セッション記号 A (大気水圏科学) » A-OS 海洋科学・海洋環境

[A-OS16] 沿岸域の海洋循環と物質循環

2024年5月27日(月) 17:15 〜 18:45 ポスター会場 (幕張メッセ国際展示場 6ホール)

コンビーナ:増永 英治(Ibaraki University)、日髙 弥子(国立研究開発法人 海洋研究開発機構)、高橋 杏(東京大学 大気海洋研究所)、中島 壽視(東京大学大気海洋研究所)

17:15 〜 18:45

[AOS16-P06] 夏季の相模湾表層への水平的窒素供給

*三野 義尚1、鋤柄 千穂2高橋 大介3森本 昭彦4 (1.名古屋大学宇宙地球環境研究所、2.海洋研究開発機構、3.東海大学、4.愛媛大学)

キーワード:相模湾、表層懸濁粒子、窒素安定同位体、栄養塩、生物炭素ポンプ

相模湾は太平洋に面し、最大水深が1,500mを超える深湾である。
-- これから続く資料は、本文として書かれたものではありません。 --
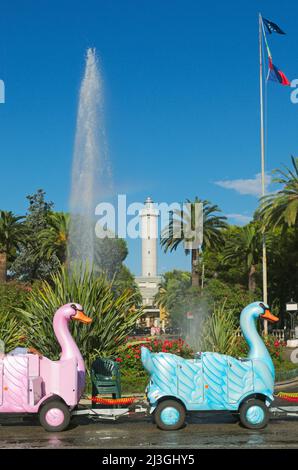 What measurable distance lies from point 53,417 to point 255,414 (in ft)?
10.9

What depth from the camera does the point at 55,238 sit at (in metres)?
55.3

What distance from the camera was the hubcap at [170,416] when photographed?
1051 centimetres

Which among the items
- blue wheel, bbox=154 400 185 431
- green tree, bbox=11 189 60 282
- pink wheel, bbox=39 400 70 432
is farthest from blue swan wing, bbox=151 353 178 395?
green tree, bbox=11 189 60 282

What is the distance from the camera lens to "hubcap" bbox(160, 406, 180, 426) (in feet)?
34.5

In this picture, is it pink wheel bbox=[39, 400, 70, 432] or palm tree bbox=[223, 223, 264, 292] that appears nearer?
pink wheel bbox=[39, 400, 70, 432]

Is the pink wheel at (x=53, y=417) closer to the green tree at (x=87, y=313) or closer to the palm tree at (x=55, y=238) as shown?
the green tree at (x=87, y=313)

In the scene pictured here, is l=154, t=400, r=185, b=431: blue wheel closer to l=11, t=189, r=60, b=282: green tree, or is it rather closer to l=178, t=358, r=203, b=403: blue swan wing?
l=178, t=358, r=203, b=403: blue swan wing

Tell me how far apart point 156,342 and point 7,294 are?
15566mm

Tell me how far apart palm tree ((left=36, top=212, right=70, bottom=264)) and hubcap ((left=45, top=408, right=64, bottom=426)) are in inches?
1743

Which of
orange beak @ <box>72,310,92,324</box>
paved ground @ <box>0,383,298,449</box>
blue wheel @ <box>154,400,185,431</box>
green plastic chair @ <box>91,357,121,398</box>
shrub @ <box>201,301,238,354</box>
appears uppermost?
orange beak @ <box>72,310,92,324</box>

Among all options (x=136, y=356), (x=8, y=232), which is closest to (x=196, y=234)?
(x=8, y=232)

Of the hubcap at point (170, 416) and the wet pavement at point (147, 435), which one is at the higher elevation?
the hubcap at point (170, 416)

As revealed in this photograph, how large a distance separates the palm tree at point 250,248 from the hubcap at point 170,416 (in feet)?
141

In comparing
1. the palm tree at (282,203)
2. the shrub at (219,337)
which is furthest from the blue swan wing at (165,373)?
the palm tree at (282,203) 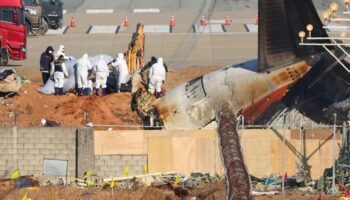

先行研究により、湾中央部では全海洋平均の6倍以上の効率で(30 gC m–2 y–1)で二酸化炭素(CO2)が吸収されていることが明らかになり、それには春季から夏季の生物生産による表層水CO2分圧の低下と中深層への粒子状有機炭素輸出の増加が大きく貢献していた。本研究では相模湾表層水の懸濁粒子の窒素安定同位体比(δ15NPN)の空間分布および季節変化を調査し、粒子形成を支配する栄養塩の動態について検討した。δ15NPNは硝酸濃度の季節変化に対応して変動する一方、夏季の空間分布は粒子窒素濃度と同様に塩分分布と密接に関係していた。黒潮沖合水と沿岸水をエンドメンバーとする混合モデルを用いてδ15NPN–塩分の負の関係を解析した結果、東京湾からの淡水流入によってδ15Nの高い窒素が湾内に供給されていたことが明らかになった。また窒素の水平輸送の効率は豪雨の発生に伴って上昇することが判った。このような窒素供給は相模湾の夏季の高い生産力に大きく寄与し、効率的な大気CO2の吸収に重要な役割を果たしている。